‘Trust me, if you’re a goat or a virgin, I’d avoid that side of campus altogether.’
A lot of 1970s TV movies have lodged in the collective memory, turning up over and over in the ‘what was the one where … ?’ file, and thus quite a few key titles have gone the remake route. This follows a similar redux of Satan’s School for Girls, which was easy to mix up with the 1978 Initiation of Sarah — for the uninitiated, School was a Rosemary’s Baby riff, but Sarah draws from Carrie. In an ‘eighteen years ago’ prologue, cute blonde high priestess Corinne (JoAnne Garcia), surrounded by the usual robed chanting acolytes, is on the point of sacrificing a fellow sister on the eternally flaming altar in the Alpha Gamma Nu basement. The fact Corinne can’t slice her open with a magic knife alerts her to the fact that they’ve got the wrong sister stretched out. Some magic knife, by the way: this will only stab ‘the One’, unless the chosen’s blood is on it, in which case it’ll stab anyone.
In the present day, wealthy alumna Trina Goodwin (Morgan Fairchild, who was in the original) drops off her non-identical twin daughters Sarah (dimpled Mika Boorem) and Lindsey (bulb-foreheaded Summer Glau) at Temple Hill college, strongly suggesting they pledge her old sorority, where ageless Corinne is still queen bitch sorceress. Sarah wears wrist-bangles to cover the scars from suicide attempts she doesn’t remember and has incipient telekinetic powers while Lindsey slightly resents having been a geek-by-association all through high school and wants to be pretty and popular now she’s in college. Since Sarah seems liable to be ‘the One’ needed for the sacrifice at the end of Hell Week, Corinne wants to recruit her to Alpha Gamma Nu. She’s also approached by Dr Eugenia Hunter (Jennifer Tilly, who must be delighted to inherit a Shelley Winters role), den mother of Pi Epsilon Delta, a sorority of sneaky but more benevolent witches. She wants Sarah – and mind-reader Vita (Amber Wallace) – in her house, and isn’t above some unethical deceptions to win her over to the cause. Dr Hunter hopes to tutor Sarah in using the magic powers she’d like to get rid of (another hard thing to believe – seriously, any teenage girl who could telekinetically shove the local bitch into mud would hardly be looking for a cure).
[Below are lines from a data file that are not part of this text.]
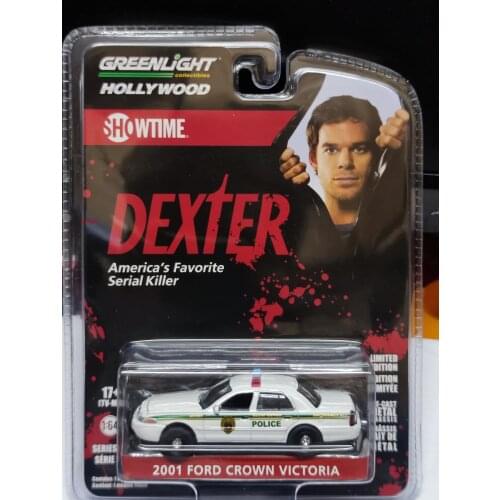 1:64 GreenLight 2001 Ford Crown Victoria Police Interceptor Miami Metro Police Department Dexter Collection Metal Diecast Model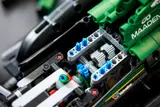 Close-up of Technic gears and linkages.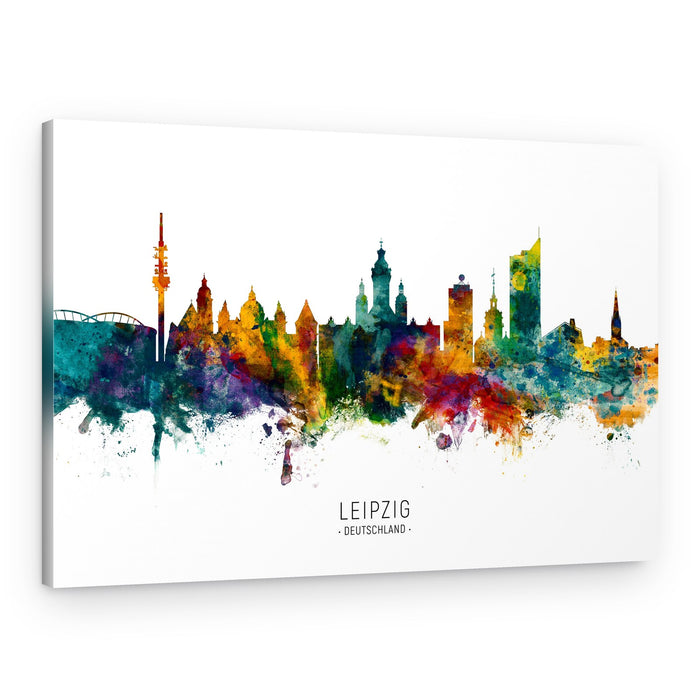 Watercolor Leipzig Skyline – Canvas Print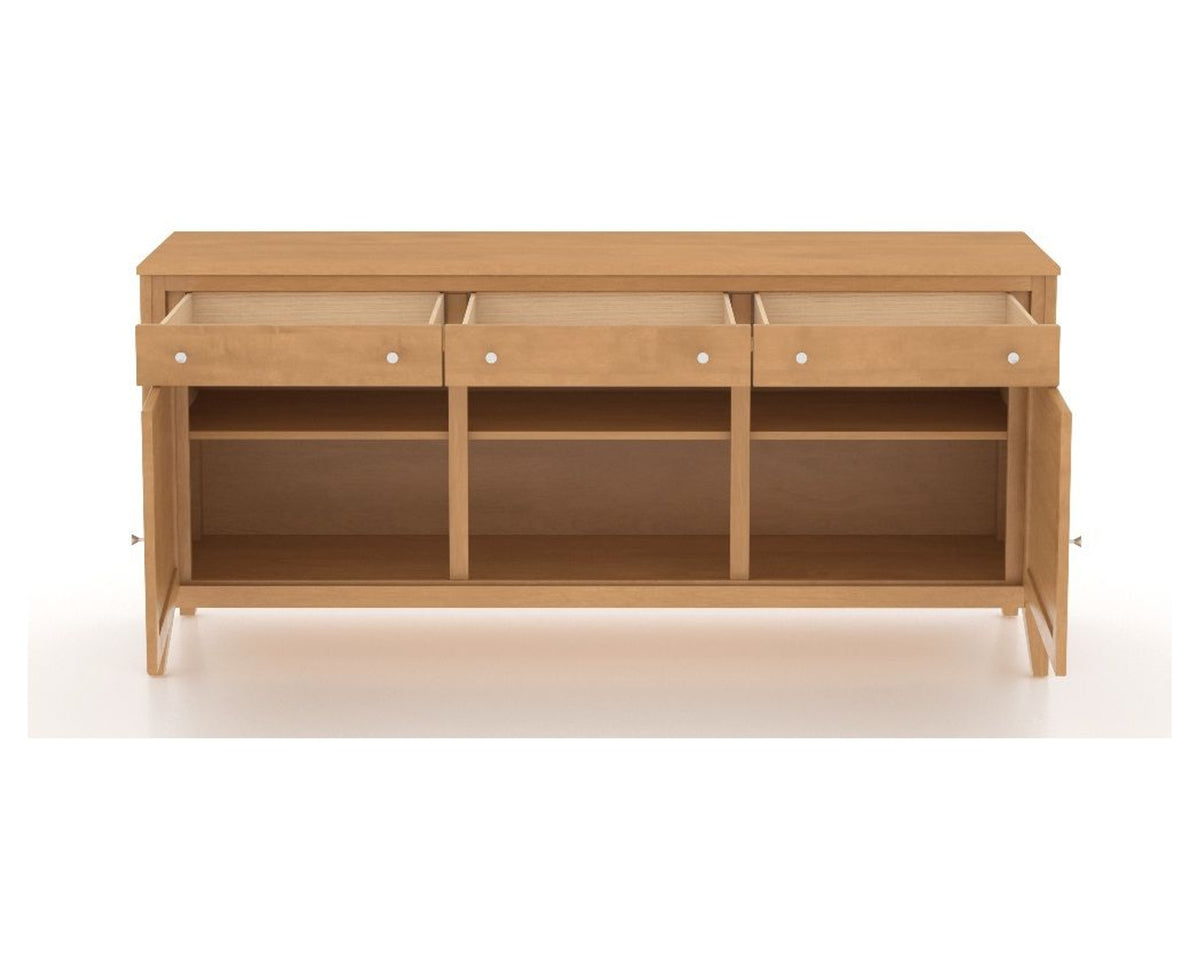 Canadel Buffet 7200 in 20 Caramel Washed, fully open view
It’s a female-dominated tale, with only clueless virgin Finn (Ben Ziff, a Keith Gordon lookalike) mixed up in the complex but frankly predictable tale (Spoilers: Trina isn’t the girls’ real Mom but a scheming witch, Lindsey turns out to be the actual ‘the One’). There are a couple of witty ideas, including Sarah sneaking out to have sex with Finn near the climax just so he won’t be in dnager of becoming the backup sacrifice and Tilly’s good witch. It’s trashily watchable eye candy and the young cast are mostly fun to be around – while Tilly and Fairchild go for cougarish diva acts – but suffers from thumpingly dumb moments like Corinne making the mistake of telling the silly Lindsey that all she has to do is slice open her own hand to turn the knife she’s holding into a weapon which can kill the villain. Sarah is slapped with several rock-your-world revelations (not only is her mother not her mother but she’s been draining her blood for magic potions while letting her think she’s a cutting nutcase) but barely reacts to, much less is upset by. She isn’t even put out much to learn that the frankly infuriating Lindsey has only apologised and plead for help to lure her to the altar because sororicide is part of her popularity make-over.
Weird touch: T-Rex’s ‘Children of the Revolution’ plays as the newly witched-up Sarah and her cloaked posse stride across campus, going nowhere in particular but looking reasonably cool. In an open ending, the number two villain (Tessa Thompson) walks off with an ember from the just-extinguished eternal flame as Sarah intones the familiar line ‘it’s just the beginning’, suggesting someone had hopes of a series. Of course, the Buffy/Charmed/Craft approach – twentysomethings in fetish coed outfits, snarky dialogue (‘without my so-called powers, their pit-of-eternal badness will just go out’), slick but cheap effects and avoidance of anything actually creepy — makes for a less memorable experience than that off-kilter vibe the 1978 version managed simply by casting weird waifs like Kay Lenz and Tisa Farrow. Written by Daniel Berendsen, from the old script by Don Ingalls, Carol Saraceno and Kenette Gfeller from a story by Saraceno and Tom Holland. Directed by Stuart Gillard, who made one of those Teenage Mutant Ninja Turtles sequels and a bunch of Canadian TV things.